The drainage pipe under Nana's restaurant needs to be replaced and the culvert needs repairs. When Durham sees heavy rains, the restaurant ends up flooded. Some city leaders say the site is private property and the price tag for the repairs is too steep.

Raging flood waters ripped through the restaurant last year, and the owner said he is afraid of the culvert that is in bad shape.

"They're going to have to fix University Drive. Whether it happens now or two years, five years, ten years, but it's going to collapse," restaurant owner Scott Howell said.

The price tag on a replacement drainage pipe under Nana's is $1 million and rising.

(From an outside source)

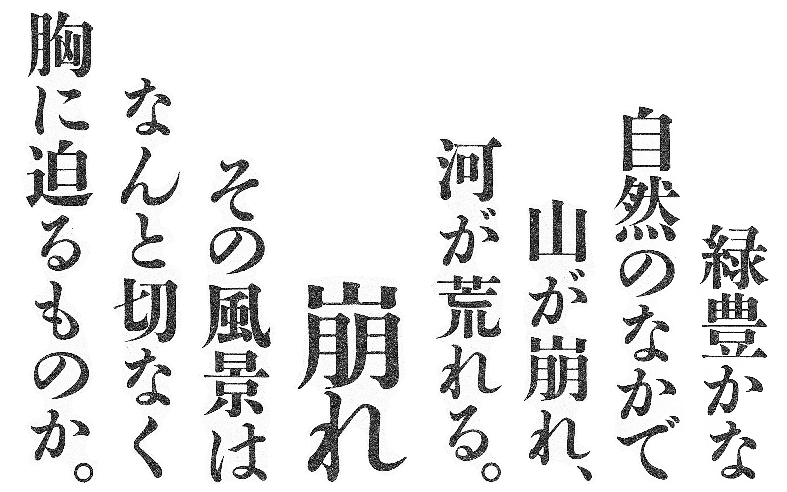 使用例・画像3「崩れ」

The steep price tag has city leaders rethinking their plans to pay for it.

"We have to look at it from a taxpayer's point of view too. $1 million is a hell of a lot of money for a pipe," said Durham city councilman Eugene Brown.

Howell admits that his restaurant is private property and his responsibility, but he blames built-up debris in the creek under Nana's restaurant for the costly flood damage he has already paid for.

"That's $130,000 that I spent and the city spent nothing. Why are we talking about who's spending money when they haven't spent anything?" said Howell.

Howell said his repairs will not matter if the city does not fix the culvert across the street.

"The culvert and University Drive are collapsing right here. We can all stand here and look at it. It's not complicated," said Howell.

But from the city's perspective, it is. NC DOT maintains the road and has already rejected a city proposal to repair it. The state's requirements have increased costs for the project.

"They basically want us to dig a hole and build a Taj Mahal there in the bottom of it for a holding tank and that's going to cost us at least a quarter of a million dollars more," Brown said.

The fight over flood waters and the rising price to repair it has some city leaders calling for Howell to move his restaurant. Howell said even if he is a one-man island, he won't go.

NC DOT told ABC11 the road is safe for now and there is no deadline to fix the culvert.